O risco que representa para a população as atuais condições dos prédios tombados de Bauru, devido ao abandono; o apoio insuficiente dado aos proprietários destes prédios para a realização de manutenções e a importância da preservação do patrimônio cultural nortearam o debate da audiência pública realizada ontem que tratou da situação dos prédios tombados do município. A mudança na legislação já está em andamento, segundo o Conselho de Defesa do Patrimônio Cultural de Bauru (Codepac).

O vereador José Roberto Segalla (DEM) ressaltou a importância da revisão da legislação que trata do tombamento e questionou a paralisação do órgão responsável pelo processo. "Arrisco a dizer que grande parte dos imóveis de Bauru que têm grande dificuldade de sustentação de sua real motivação para ser tombado não apresenta características que justificariam isso".

CASA DOS PIONEIROS

Segalla citou o risco de imóveis tombados que se deterioram sem que os proprietários ou a prefeitura façam a manutenção, porque perderam o objeto inicial do tombamento, como os hotéis da região da Estação Ferroviária. "Colocam em risco as pessoas, como na Rodrigues Alves, que (o prédio) está a uma quadra do Calçadão. Quem passa e olha para Casa dos Pioneiros se impressiona porque o prédio só se sustenta por escoras. Prefeitura não faz nada, dono não tem interesse e o prédio não serve para coisa nenhuma. Precisa rever até onde a gente realmente deve manter coisas deste tipo", afirmou.

APOIO A PROPRIETÁRIOS

Segundo a secretária de Cultura, Tatiana Pereira dos Santos, 23 bens imóveis estão em processo de tombamento sendo 13 de propriedade da prefeitura e 10 de particulares. Tatiana sugeriu parcerias com a iniciativa privada, como saída para manter os prédios tombados pertencentes à prefeitura, já que o município não teria verbas suficientes.

Pela legislação vigente, o proprietário que tem um imóvel tombado recebe abatimentos no IPTU, sendo 50% quando apenas a fachada é tombada e 75% no caso do prédio todo.

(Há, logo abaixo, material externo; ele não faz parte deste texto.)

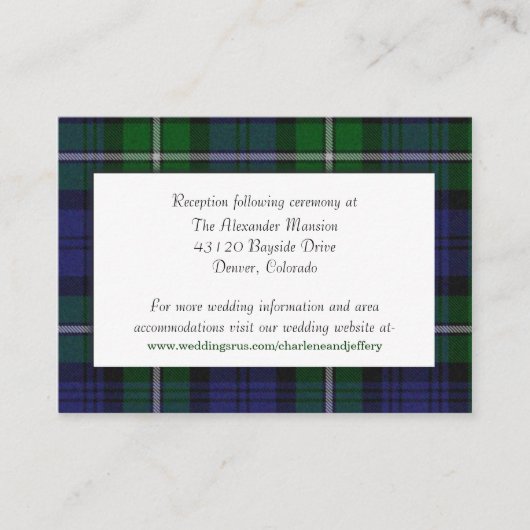 Carte du boîtier du Mariage Plaid Forbes personnal (Devant)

A presidente do Codepac, Natália Braga Araújo, estimou que o conselho não se reunia há seis anos e que os encontros voltaram a ocorrer em março. A presidente garantiu que as alterações na lei de tombamento já estão em andamento e serão enviadas à Câmara.

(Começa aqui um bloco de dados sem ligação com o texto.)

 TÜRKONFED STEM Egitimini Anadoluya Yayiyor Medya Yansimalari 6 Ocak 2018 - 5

O vereador Júnior Rodrigues (PSD), presidente da Comissão de Cultura, Esporte, Lazer e Turismo, que chamou a audiência, demonstrou preocupação com a falta de apoio aos proprietários dos imóveis e afirmou que a prefeitura deve repensar os tombamentos já realizados, para garantir a segurança dos locais. "Vai ter que repensar, não é só tombar e deixar lá que o tempo cuida. Em primeiro lugar vem a vida. Poucos locais tombados têm serventia para a cidade. A maioria está se desfazendo". Apenas o bom senso pode ajudar na solução do problema, além do empenho da administração municipal, segundo ele. "Tomara que os estudos e documentos comecem a virar realidade".